Wenn das nicht wichtig war, würde ich gleich wieder auflegen. „Schmidt. – Was? – Wollen Sie mich umbringen? – Wie? – Fahren Sie doch! – Dann eben ihre Frau! – Oh. – Nein. – Ich kann doch nichts dafür, wenn er ausfällt. – Ja. – Nein. – Ja, ich bin gleich da. Zehn Minuten.“ Wütend krachte ich das Telefon auf den Nachttischschrank.
Anscheinend mit doch mehr Schwung und Kraft als ich geglaubt hatte im Augenblick zu besitzen. Es prallte ab und fiel nach unten. Jetzt bestand es aus mehreren Teilen.
Toll... das hätte ich schon vor dem Einschlafen tun sollen!
Inzwischen sah ich die Zahlen auf meinem Funkwecker etwas deutlicher. Mein Chef wollte mich unter Garantie vorzeitig unter die Erde bringen.
Es war gerade mal ein Uhr.
Wenn überhaupt, hatte ich zwanzig Minuten geschlafen. Pfft… Ruhezeiten waren sowieso überbewertet; besonders bei Personalmangel.

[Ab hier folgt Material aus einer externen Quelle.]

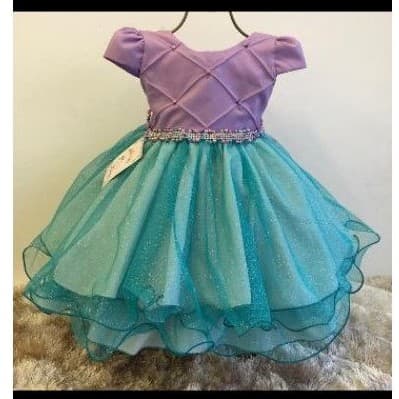 Vestido de Luxo Infantil Pequena Sereia Ariel Fundo do Mar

Auf Autopilot hastete ich ins Bad, bürstete mir die Zähne, putzte mir die Haare – oder anders herum – wusch mich notdürftig und huschte zurück in meine Schlafstube, in der ich mich schnell in neue Klamotten zwängte. Eine nächtliche Fahrt in die Hauptstadt war genau das, wonach ich jetzt lechzte.

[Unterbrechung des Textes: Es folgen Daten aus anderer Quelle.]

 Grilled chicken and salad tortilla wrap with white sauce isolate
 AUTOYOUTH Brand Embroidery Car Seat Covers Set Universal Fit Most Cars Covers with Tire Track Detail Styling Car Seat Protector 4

Haha. Zweihundert oder dreihundert Kilometer.
Eine Strecke.
Und dann musste ich auch noch zurückkommen. Falls möglich lebend und mit heilem Auto.
Ich warf zwei Koffeintabletten ein, deren Vorrat bedenklich schrumpfte und stürzte los. Fast hätte ich die Treppe verfehlt, schaffte es aber gerade noch mich am Geländer zu fangen. Hoffentlich wirkte das Koffein bald. Zur Not hatte ich noch Traubenzucker im Auto. Für alle Fälle. Ob eines der beiden Dinge wirklich half oder ob das merkliche Munterwerden lediglich eine Kopfsache war, interessierte mich nicht. Hauptsache, es funktionierte.
Die Limousine schnurrte unter meinem Hintern wie ein sanftes Kätzchen. Dabei hatte sie einige PS unter der Haube und konnte auch Fauchen wie ein Tiger. Gott, es musste schlimm um mich stehen, wenn ich poetisch wurde.
Wie gern würde ich mir in Berlin eine Absteige suchen und dort übernachten. Doch das war nicht gestattet. Und da der BMW über ein GPS-Signal verfügte, konnte mein Boss sehr gut nachvollziehen, wann ich mich wo aufhielt. Verflixt, es wurde Zeit, dass er sich nach neuen Fahrern umsah!
Es war doch nicht so schwer, diesen blöden Schein zu machen und ein paar Leute durch die Kante zu chauffieren. Von mir aus konnte er auch welche für die Kurierfahrten einstellen – oder so wie ich es machte – für beides.
In den letzten drei Monaten waren vier Kollegen gegangen. Einer, weil ihm die Bezahlung nicht passte. Einer, weil er ein künstliches Hüftgelenk eingesetzt bekommen hatte und deswegen vorübergehend arbeitsuntauglich war. Eine Kollegin hatte sich in den Schwangerschaftsurlaub verabschiedet und Mirko… ich schluckte beim Gedanken an ihn. Keiner wusste etwas.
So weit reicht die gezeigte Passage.